Hopedale is on the southeastern edge of Worcester County and occupies the valley of the upper Mill River. Benjamin Albee set up a grist mill on the Mill River to grind settlers’ corn in 1669 in the first recorded settlement. Until the mid-19th century, the town followed the pattern of many communities with a combination of agriculture and small industry. But in 1842, Adin Ballou and his followers, idealists who wanted to combine biblical individualism with social responsibility and religious liberalism, purchased 600 acres in what is now downtown Hopedale to establish Fraternal Community Number One. Thirty houses, chapel and workshops were built on an architectural plan for the 170 people who joined in the social experiment, which combined farming with manufacturing, and took strong social stands on temperance, women’s rights and abolition.
Unfortunately, disagreements over how to administer the community ended in bankruptcy by 1856 and George and Ebenezer Draper, followers of Ballou, took over the property. The brothers made doors, window sashes and blinds and ran a printing office, but they discovered early on that their most profitable business was making textile machinery. By 1880 there were 400 patents held in Hopedale for textile machinery, 800 Draper employees and $1 million in sales. By 1892, with the advent of the Northrop Loom, Draper became the largest producer of textile machinery in the country. There were 78,000 Northrop looms sold in 1903 because they used less power and could be operated by untrained hands (which resulted in the textile industry abandoning New England and moving south). By World War I, the majority of the 400,000 looms in the United States had been made by Draper and the company was selling to China, Russia and Mexico.

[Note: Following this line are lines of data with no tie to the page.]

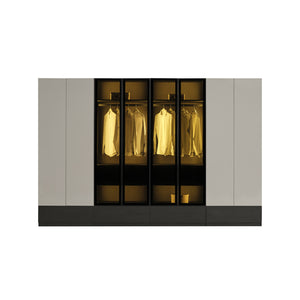 Moon 8 Door Wardrobe with Glass Drawers Cabinet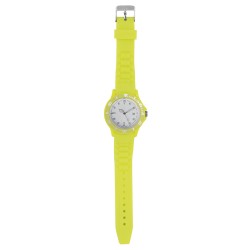 Orologio analogico personalizzabile in plastica e silicone giallo personalizzato D10082G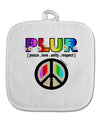 PLUR Rainbow White Fabric Pot Holder Hot Pad-Pot Holder-TooLoud-White-Davson Sales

The Drapers believed that good houses make good workers and created a model self-contained company town with one of the best collections of architecturally significant double houses in the country, built on hills and in valleys in garden settings which preserved the views. The company charged low rents, and provided high quality housing, impeccable maintenance and recreation opportunities. Workers left their handsomely designed duplex houses to walk to work at Hopedale Machine, or Northrop Loom, or Hopedale Elastic and left work to play in company parks or stroll along company streets. In addition, the Drapers donated the high school, playground and bandstand to the town and built roads, sidewalks, sewage systems and water and gas lines to service their 250 buildings of worker housing. Only one strike, in 1913, was ever recorded in Hopedale through the most turbulent eras of American labor unrest.
The Drapers’ secular, paternalistic industrial complex was highly successful, resulting in an integrated, planned community with innovative 19th and early 20th century employee housing, a central institutional complex and proprietors’ estates, all of which remain essentially intact.